*** Opening of Provided data ***

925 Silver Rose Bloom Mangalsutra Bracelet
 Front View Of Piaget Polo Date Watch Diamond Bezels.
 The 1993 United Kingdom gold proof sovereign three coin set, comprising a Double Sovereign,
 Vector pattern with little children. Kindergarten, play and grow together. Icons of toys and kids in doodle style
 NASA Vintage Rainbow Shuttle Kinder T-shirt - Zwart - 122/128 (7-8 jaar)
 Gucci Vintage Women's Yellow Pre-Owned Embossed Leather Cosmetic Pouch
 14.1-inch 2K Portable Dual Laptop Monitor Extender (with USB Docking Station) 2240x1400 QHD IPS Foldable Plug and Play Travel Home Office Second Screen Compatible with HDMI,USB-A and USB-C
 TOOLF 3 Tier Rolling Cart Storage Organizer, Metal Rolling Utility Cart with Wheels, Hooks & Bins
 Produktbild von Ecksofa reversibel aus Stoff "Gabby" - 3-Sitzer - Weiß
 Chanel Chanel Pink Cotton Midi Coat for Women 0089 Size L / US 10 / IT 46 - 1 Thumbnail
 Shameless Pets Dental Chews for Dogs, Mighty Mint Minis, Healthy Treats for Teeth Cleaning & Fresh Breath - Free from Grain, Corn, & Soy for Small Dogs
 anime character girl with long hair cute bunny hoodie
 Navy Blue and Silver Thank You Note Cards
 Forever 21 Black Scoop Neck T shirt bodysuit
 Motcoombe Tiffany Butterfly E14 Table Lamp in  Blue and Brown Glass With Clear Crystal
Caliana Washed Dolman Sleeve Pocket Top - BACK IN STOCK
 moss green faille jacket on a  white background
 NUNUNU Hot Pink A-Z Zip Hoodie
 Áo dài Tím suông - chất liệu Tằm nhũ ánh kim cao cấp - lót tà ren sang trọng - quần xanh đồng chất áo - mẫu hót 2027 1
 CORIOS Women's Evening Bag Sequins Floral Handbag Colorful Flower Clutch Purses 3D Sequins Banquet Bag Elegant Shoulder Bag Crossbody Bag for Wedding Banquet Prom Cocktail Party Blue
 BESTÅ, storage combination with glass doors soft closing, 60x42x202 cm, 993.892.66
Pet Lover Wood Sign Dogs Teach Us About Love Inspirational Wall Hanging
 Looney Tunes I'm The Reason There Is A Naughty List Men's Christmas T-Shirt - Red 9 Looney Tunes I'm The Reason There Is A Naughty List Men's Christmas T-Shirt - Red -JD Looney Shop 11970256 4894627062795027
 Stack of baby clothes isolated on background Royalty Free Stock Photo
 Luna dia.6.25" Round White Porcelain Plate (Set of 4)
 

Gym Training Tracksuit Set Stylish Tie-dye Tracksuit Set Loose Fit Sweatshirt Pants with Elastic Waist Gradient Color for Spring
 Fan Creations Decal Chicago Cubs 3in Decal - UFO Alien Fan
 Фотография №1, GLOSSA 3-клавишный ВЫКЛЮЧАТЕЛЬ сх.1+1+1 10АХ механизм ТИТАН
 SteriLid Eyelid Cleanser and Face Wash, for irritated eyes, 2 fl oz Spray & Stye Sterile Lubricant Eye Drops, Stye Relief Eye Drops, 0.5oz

*** Close of Provided data ***

**Exercise instructions**
Give back every entry above, complete and exact.

**Output**
925 Silver Rose Bloom Mangalsutra Bracelet
 Front View Of Piaget Polo Date Watch Diamond Bezels.
 The 1993 United Kingdom gold proof sovereign three coin set, comprising a Double Sovereign,
 Vector pattern with little children. Kindergarten, play and grow together. Icons of toys and kids in doodle style
 NASA Vintage Rainbow Shuttle Kinder T-shirt - Zwart - 122/128 (7-8 jaar)
 Gucci Vintage Women's Yellow Pre-Owned Embossed Leather Cosmetic Pouch
 14.1-inch 2K Portable Dual Laptop Monitor Extender (with USB Docking Station) 2240x1400 QHD IPS Foldable Plug and Play Travel Home Office Second Screen Compatible with HDMI,USB-A and USB-C
 TOOLF 3 Tier Rolling Cart Storage Organizer, Metal Rolling Utility Cart with Wheels, Hooks & Bins
 Produktbild von Ecksofa reversibel aus Stoff "Gabby" - 3-Sitzer - Weiß
 Chanel Chanel Pink Cotton Midi Coat for Women 0089 Size L / US 10 / IT 46 - 1 Thumbnail
 Shameless Pets Dental Chews for Dogs, Mighty Mint Minis, Healthy Treats for Teeth Cleaning & Fresh Breath - Free from Grain, Corn, & Soy for Small Dogs
 anime character girl with long hair cute bunny hoodie
 Navy Blue and Silver Thank You Note Cards
 Forever 21 Black Scoop Neck T shirt bodysuit
 Motcoombe Tiffany Butterfly E14 Table Lamp in  Blue and Brown Glass With Clear Crystal
Caliana Washed Dolman Sleeve Pocket Top - BACK IN STOCK
 moss green faille jacket on a  white background
 NUNUNU Hot Pink A-Z Zip Hoodie
 Áo dài Tím suông - chất liệu Tằm nhũ ánh kim cao cấp - lót tà ren sang trọng - quần xanh đồng chất áo - mẫu hót 2027 1
 CORIOS Women's Evening Bag Sequins Floral Handbag Colorful Flower Clutch Purses 3D Sequins Banquet Bag Elegant Shoulder Bag Crossbody Bag for Wedding Banquet Prom Cocktail Party Blue
 BESTÅ, storage combination with glass doors soft closing, 60x42x202 cm, 993.892.66
Pet Lover Wood Sign Dogs Teach Us About Love Inspirational Wall Hanging
 Looney Tunes I'm The Reason There Is A Naughty List Men's Christmas T-Shirt - Red 9 Looney Tunes I'm The Reason There Is A Naughty List Men's Christmas T-Shirt - Red -JD Looney Shop 11970256 4894627062795027
 Stack of baby clothes isolated on background Royalty Free Stock Photo
 Luna dia.6.25" Round White Porcelain Plate (Set of 4)
 

Gym Training Tracksuit Set Stylish Tie-dye Tracksuit Set Loose Fit Sweatshirt Pants with Elastic Waist Gradient Color for Spring
 Fan Creations Decal Chicago Cubs 3in Decal - UFO Alien Fan
 Фотография №1, GLOSSA 3-клавишный ВЫКЛЮЧАТЕЛЬ сх.1+1+1 10АХ механизм ТИТАН
 SteriLid Eyelid Cleanser and Face Wash, for irritated eyes, 2 fl oz Spray & Stye Sterile Lubricant Eye Drops, Stye Relief Eye Drops, 0.5oz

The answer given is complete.